[Information — start]

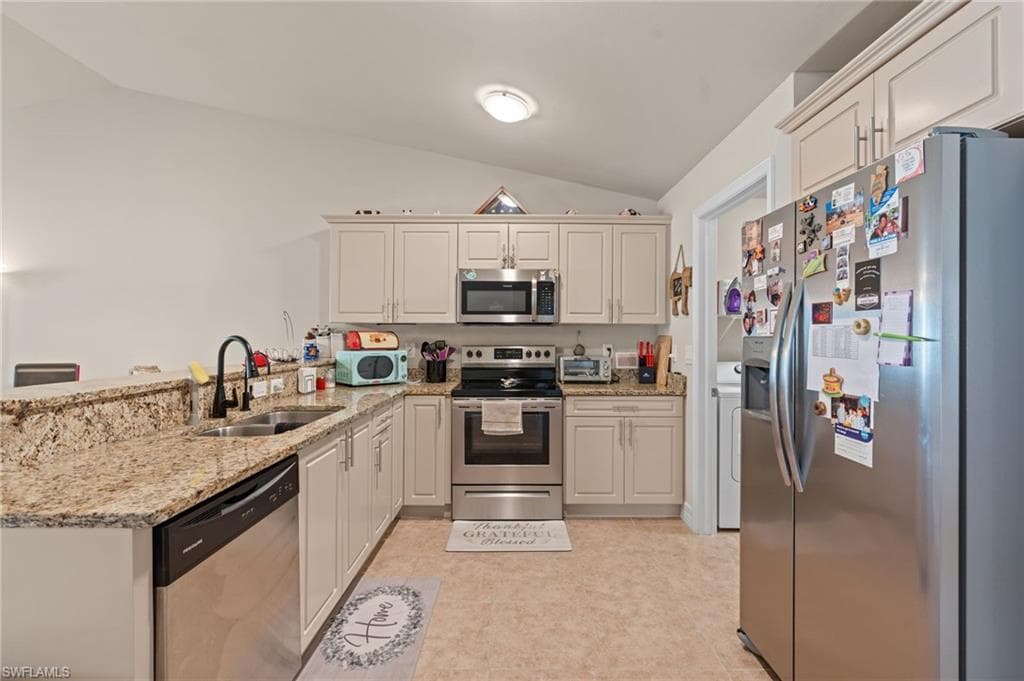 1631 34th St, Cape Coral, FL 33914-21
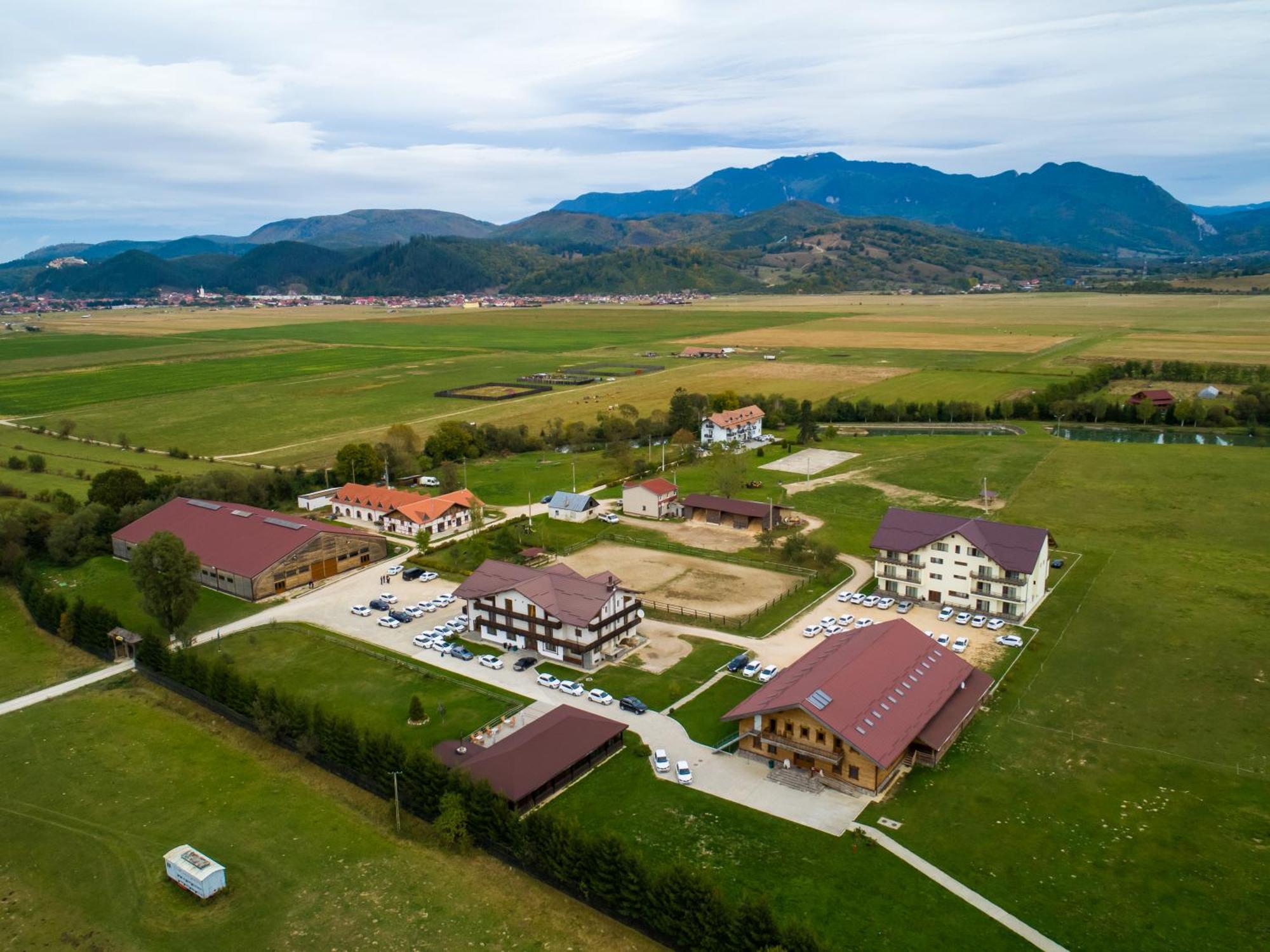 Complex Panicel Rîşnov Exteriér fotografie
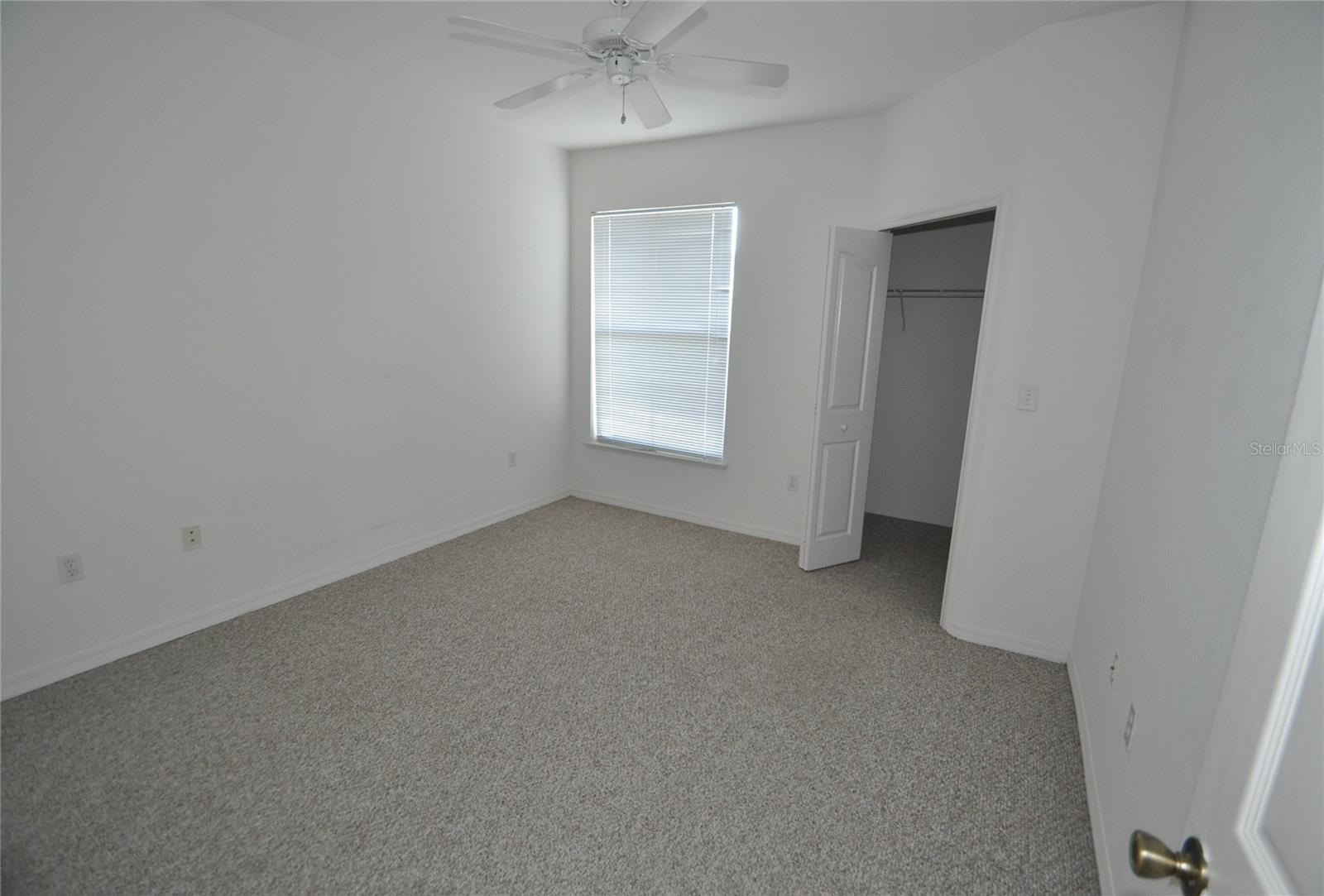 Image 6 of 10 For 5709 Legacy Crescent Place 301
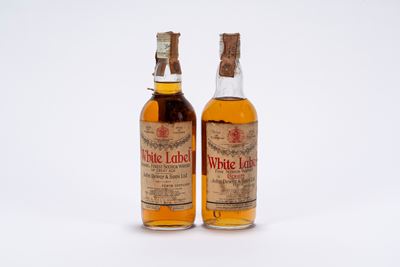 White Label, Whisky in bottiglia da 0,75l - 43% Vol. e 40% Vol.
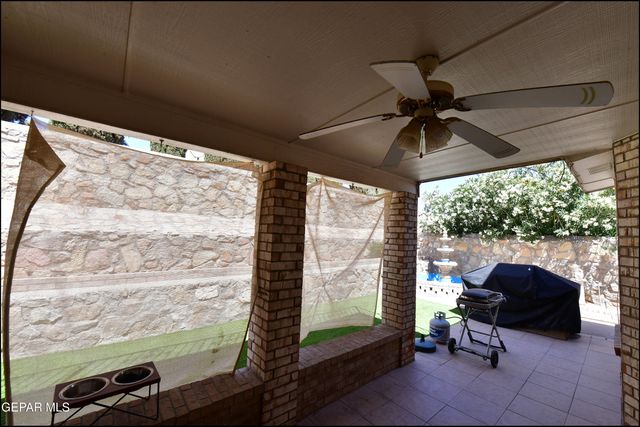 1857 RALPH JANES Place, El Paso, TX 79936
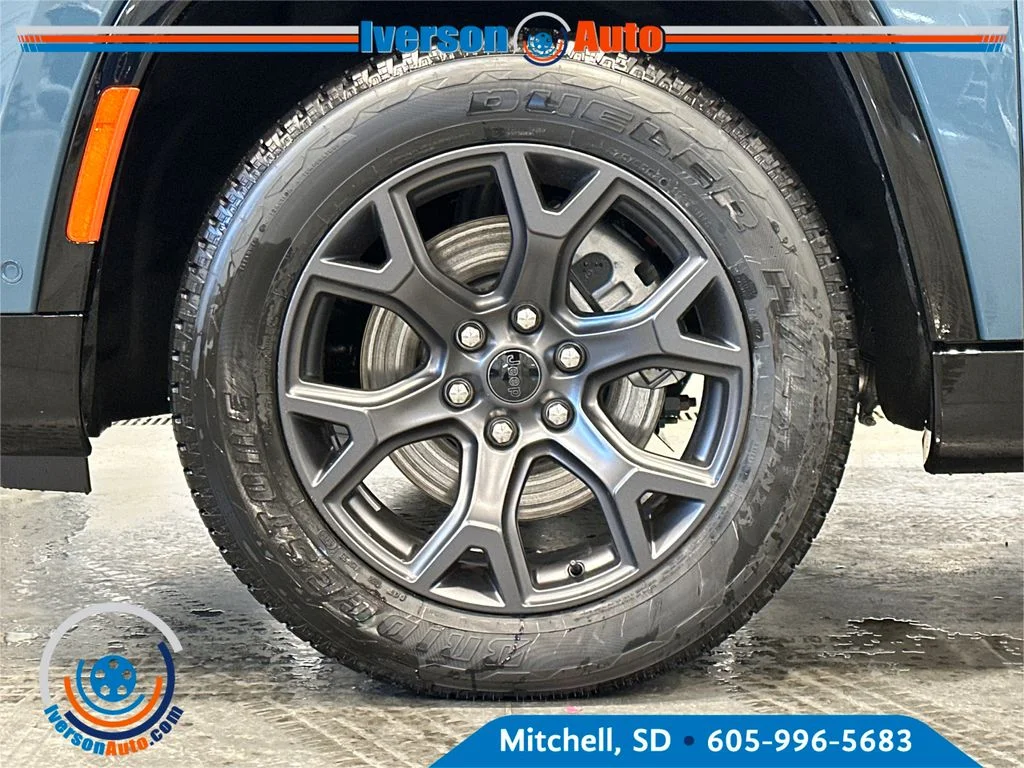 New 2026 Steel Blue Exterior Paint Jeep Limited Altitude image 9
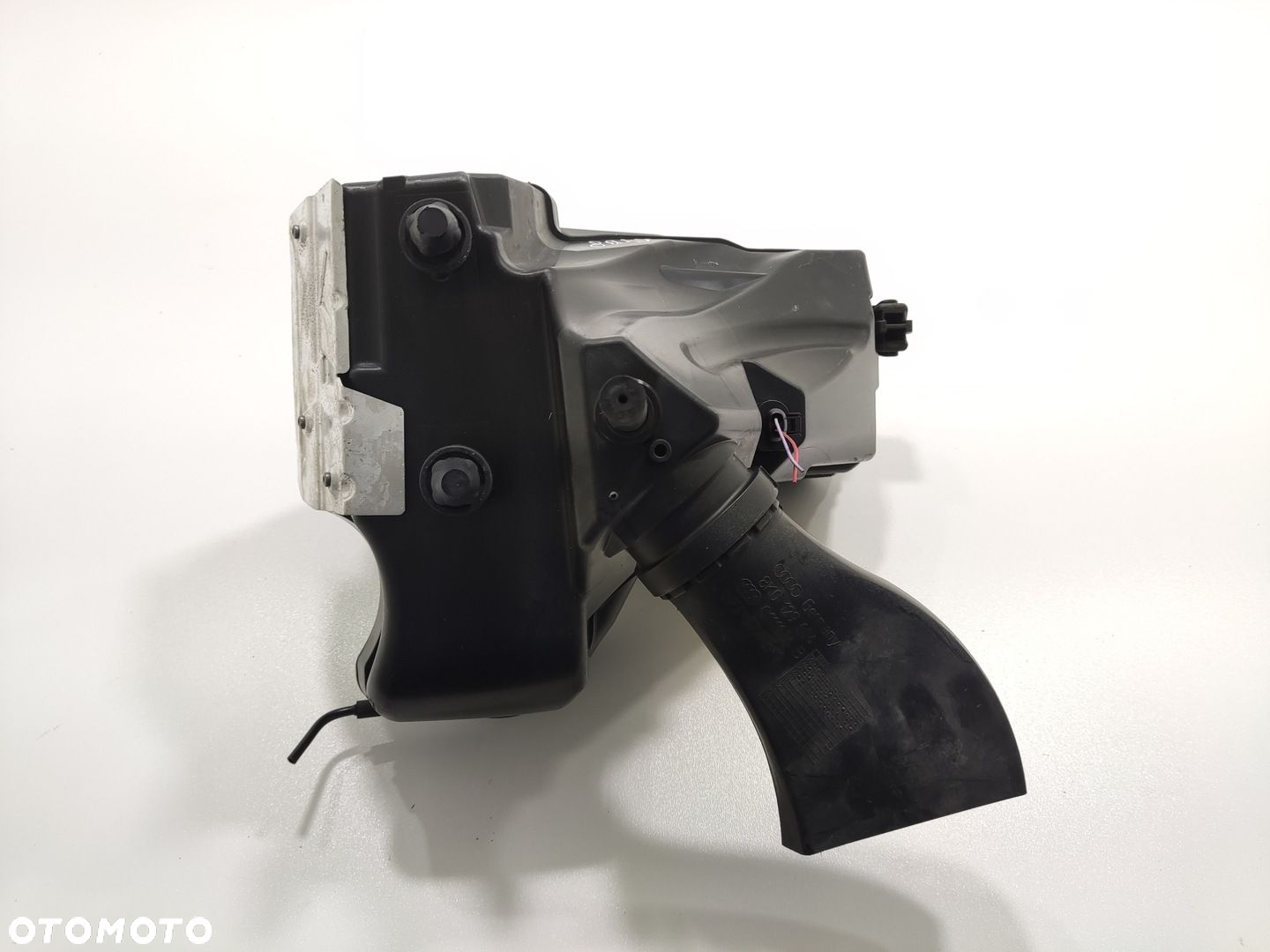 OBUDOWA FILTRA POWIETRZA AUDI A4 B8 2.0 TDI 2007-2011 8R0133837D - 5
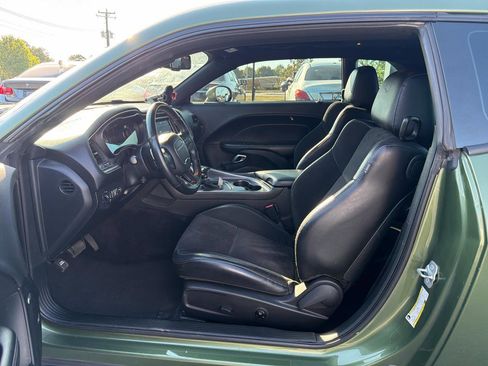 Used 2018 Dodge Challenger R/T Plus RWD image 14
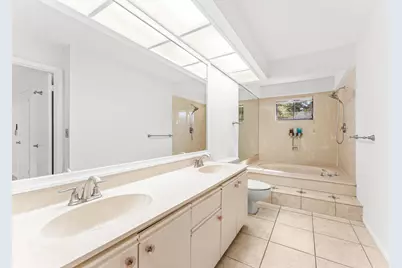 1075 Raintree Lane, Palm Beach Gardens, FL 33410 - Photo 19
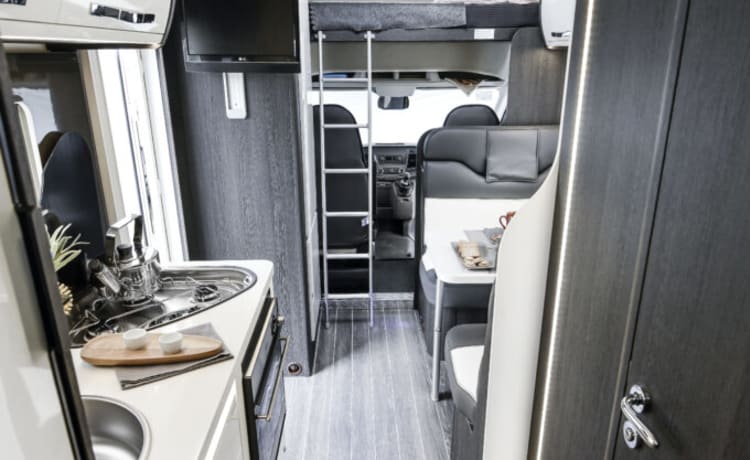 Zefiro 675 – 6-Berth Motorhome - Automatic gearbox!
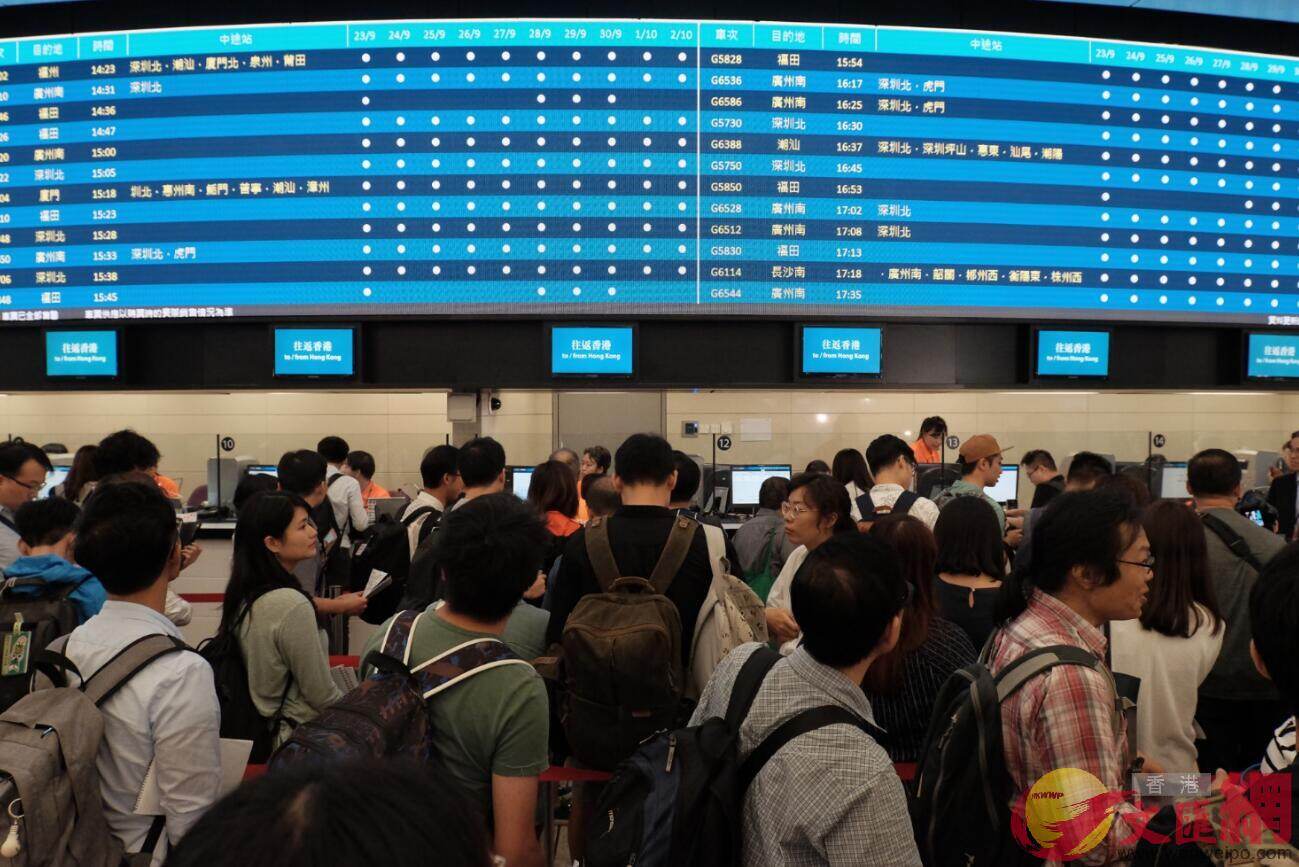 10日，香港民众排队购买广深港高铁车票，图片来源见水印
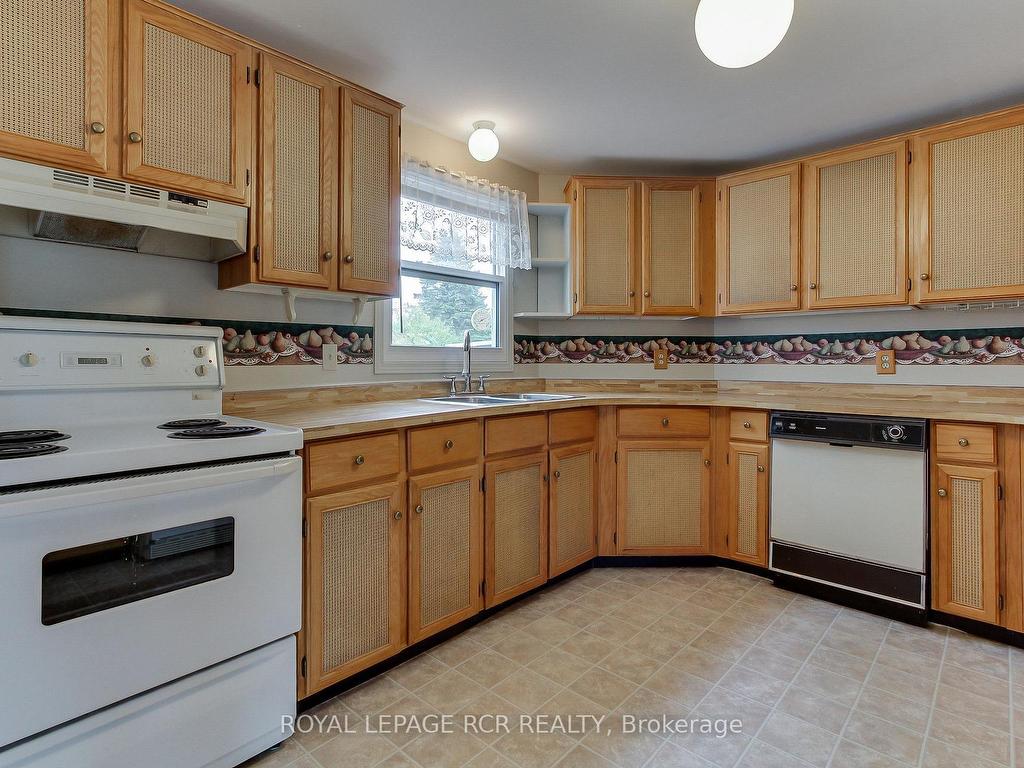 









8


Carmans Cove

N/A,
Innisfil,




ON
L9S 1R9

[Information — finish]

Exercise goal:
Copy verbatim the span that opens at the line with "New 2026 Steel" and closes at the final line of the listing. Do not carry over any pictures.

Task answer:
 New 2026 Steel Blue Exterior Paint Jeep Limited Altitude image 9
 OBUDOWA FILTRA POWIETRZA AUDI A4 B8 2.0 TDI 2007-2011 8R0133837D - 5
 Used 2018 Dodge Challenger R/T Plus RWD image 14
 1075 Raintree Lane, Palm Beach Gardens, FL 33410 - Photo 19
 Zefiro 675 – 6-Berth Motorhome - Automatic gearbox!
 10日，香港民众排队购买广深港高铁车票，图片来源见水印









8


Carmans Cove

N/A,
Innisfil,




ON
L9S 1R9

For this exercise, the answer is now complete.